Companion Stories: Clayton Cutter

Photograph of Clayton Cutter

"I was in the RAF from the age of nineteen. I did my training at RAF Halton got posted to RAF Lossiemouth and then went to Norway. Just after September 11th I went to the Gulf for four months. I decided I wanted to join the Police and handed in my resignation to the RAF. When my application was still being processed, I injured my shoulder very badly and they couldn’t take me and because I had resigned from the RAF, I couldn’t go back there either.

I moved back to Halifax and got a job as a security guard until they decided to do their security in-house and I was out of work again. At around the same time I had to move out of my shared house because I discovered that my housemates were involved in drugs. I went off the rails for a while. It’s was as if I no longer knew what I was supposed to be doing. I lost contact with all my friends because I felt ashamed that things were not going well for me.

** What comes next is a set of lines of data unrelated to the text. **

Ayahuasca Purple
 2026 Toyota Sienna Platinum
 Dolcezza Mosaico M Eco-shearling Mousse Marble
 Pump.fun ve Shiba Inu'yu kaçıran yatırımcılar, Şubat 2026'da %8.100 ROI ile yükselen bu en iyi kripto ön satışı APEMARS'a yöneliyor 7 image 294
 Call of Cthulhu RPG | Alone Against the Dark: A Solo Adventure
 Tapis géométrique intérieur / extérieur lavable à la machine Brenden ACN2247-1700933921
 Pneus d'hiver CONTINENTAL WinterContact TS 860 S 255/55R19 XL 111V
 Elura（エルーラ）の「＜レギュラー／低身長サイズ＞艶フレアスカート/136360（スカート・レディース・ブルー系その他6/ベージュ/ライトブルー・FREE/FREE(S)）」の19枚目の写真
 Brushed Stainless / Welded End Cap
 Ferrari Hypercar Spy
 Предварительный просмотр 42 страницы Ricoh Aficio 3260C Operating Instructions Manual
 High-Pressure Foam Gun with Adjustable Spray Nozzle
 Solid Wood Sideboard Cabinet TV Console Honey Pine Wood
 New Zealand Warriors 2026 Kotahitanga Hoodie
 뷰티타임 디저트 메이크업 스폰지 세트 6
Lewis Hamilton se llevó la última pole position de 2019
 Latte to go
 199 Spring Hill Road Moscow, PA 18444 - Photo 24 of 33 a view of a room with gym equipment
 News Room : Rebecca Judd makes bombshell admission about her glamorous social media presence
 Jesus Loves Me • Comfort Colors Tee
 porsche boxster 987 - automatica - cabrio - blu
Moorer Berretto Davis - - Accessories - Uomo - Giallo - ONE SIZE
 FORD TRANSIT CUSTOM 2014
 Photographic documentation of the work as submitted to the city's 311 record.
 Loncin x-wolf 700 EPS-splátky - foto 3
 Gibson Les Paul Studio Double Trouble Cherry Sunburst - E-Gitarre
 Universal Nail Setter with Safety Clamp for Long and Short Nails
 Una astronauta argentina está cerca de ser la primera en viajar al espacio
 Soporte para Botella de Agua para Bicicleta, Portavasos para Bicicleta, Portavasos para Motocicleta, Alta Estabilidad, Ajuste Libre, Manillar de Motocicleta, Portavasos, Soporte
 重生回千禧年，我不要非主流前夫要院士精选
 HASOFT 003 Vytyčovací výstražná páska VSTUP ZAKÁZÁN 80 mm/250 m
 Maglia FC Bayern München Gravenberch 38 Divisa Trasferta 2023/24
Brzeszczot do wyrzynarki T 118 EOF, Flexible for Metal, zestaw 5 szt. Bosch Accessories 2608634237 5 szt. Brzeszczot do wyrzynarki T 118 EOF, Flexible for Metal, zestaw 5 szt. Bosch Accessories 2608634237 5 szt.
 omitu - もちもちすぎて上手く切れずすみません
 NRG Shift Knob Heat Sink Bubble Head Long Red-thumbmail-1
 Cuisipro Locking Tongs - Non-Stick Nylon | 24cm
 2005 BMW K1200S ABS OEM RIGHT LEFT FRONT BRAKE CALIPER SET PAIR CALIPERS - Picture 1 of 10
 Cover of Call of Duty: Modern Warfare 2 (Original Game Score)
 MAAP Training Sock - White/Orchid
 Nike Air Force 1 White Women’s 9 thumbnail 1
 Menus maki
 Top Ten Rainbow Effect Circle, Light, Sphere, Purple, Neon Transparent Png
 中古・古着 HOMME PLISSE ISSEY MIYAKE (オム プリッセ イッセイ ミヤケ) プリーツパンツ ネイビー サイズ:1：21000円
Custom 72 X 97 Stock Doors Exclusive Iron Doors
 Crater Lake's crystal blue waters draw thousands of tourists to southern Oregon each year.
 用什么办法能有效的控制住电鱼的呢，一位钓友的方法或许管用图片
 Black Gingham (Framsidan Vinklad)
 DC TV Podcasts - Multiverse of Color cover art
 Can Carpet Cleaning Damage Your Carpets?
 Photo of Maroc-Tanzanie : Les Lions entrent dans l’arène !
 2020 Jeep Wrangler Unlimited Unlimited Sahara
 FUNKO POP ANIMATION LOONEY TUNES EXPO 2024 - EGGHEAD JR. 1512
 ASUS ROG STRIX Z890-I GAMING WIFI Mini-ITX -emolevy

For about two months I was homeless. I spent some nights at a hostel in Leeds, but three times the number of people turned up every day than there were beds available so I ended up sleeping on the streets sometimes.

I wanted to come to Emmaus because I am an active person and I need focus and things to do. I think people who have been in the services find it very difficult to adapt to civilian life. When I was in the RAF I knew exactly what I was supposed to be doing at any given time. I had a clear structure for every day. Maybe I felt so at home at the Community because being here gives you back a sense of purpose. It also provides the support of staff and other residents. It feels like a family.

When I first arrived at the Community I became best friends with another resident called Alan. He was a really good bloke and a real hard worker. We spent a lot of time together. He had been a bit anxious about his brother coming to visit the Community because he was worried about what he would think about the place, but his brother thought it was brilliant and afterwards Alan said it was one of the best weekends he had ever had. He was so happy. The next weekend he was dead. I discovered him in his room. He had taken some drugs and it had gone wrong. The person who gave them to him wasn’t living in the Community, but Alan found it hard to say no to him. It was his weakness.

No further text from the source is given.